## Exercise:
The expected output is each line in the data below that includes the string "Casual".

## The data:
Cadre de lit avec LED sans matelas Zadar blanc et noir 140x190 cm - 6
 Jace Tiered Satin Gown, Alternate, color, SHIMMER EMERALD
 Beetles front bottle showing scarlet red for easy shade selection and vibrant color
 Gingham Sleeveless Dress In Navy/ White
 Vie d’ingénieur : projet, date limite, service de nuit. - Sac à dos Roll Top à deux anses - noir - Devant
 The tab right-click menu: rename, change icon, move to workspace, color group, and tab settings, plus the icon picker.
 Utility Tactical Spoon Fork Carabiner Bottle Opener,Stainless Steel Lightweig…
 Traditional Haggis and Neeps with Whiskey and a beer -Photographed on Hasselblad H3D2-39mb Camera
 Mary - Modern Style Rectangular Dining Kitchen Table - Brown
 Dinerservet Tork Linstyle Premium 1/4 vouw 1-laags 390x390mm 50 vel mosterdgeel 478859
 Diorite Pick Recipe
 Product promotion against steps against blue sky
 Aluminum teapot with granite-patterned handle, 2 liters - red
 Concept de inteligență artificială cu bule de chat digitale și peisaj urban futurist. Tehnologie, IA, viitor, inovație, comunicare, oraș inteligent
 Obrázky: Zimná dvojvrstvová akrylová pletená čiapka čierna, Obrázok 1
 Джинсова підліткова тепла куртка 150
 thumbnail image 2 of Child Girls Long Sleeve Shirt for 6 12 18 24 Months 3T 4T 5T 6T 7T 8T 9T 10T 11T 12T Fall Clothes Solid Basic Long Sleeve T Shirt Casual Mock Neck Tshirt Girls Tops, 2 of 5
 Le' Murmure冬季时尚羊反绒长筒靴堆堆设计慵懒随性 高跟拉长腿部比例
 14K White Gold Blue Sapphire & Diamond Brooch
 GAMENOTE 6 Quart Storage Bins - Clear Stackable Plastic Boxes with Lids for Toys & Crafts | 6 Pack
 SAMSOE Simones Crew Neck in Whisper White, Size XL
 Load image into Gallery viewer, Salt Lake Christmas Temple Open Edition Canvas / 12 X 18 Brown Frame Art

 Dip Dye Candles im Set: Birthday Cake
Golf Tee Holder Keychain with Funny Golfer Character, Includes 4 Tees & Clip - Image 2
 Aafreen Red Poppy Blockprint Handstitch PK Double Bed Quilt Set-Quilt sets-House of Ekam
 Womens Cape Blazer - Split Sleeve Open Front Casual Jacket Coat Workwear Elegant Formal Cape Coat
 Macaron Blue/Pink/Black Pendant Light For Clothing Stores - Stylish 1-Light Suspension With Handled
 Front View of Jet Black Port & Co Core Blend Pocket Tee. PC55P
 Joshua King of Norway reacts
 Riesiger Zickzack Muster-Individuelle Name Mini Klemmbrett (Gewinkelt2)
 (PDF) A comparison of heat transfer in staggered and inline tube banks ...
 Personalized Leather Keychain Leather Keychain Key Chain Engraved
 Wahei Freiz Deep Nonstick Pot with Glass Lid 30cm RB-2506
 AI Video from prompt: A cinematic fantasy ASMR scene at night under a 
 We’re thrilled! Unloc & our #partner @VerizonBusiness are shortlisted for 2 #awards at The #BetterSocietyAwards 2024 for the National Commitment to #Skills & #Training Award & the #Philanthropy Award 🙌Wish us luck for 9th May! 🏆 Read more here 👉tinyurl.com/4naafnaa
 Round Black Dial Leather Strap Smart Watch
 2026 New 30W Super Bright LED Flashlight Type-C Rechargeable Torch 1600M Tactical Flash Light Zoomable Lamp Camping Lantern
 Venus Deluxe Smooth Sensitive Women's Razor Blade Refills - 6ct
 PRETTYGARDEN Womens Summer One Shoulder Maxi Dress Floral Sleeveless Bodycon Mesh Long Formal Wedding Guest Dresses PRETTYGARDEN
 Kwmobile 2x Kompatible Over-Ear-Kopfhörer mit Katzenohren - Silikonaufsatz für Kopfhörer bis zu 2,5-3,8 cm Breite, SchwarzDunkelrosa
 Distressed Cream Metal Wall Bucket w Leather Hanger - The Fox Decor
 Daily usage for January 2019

## Problem solution:
 thumbnail image 2 of Child Girls Long Sleeve Shirt for 6 12 18 24 Months 3T 4T 5T 6T 7T 8T 9T 10T 11T 12T Fall Clothes Solid Basic Long Sleeve T Shirt Casual Mock Neck Tshirt Girls Tops, 2 of 5
 Womens Cape Blazer - Split Sleeve Open Front Casual Jacket Coat Workwear Elegant Formal Cape Coat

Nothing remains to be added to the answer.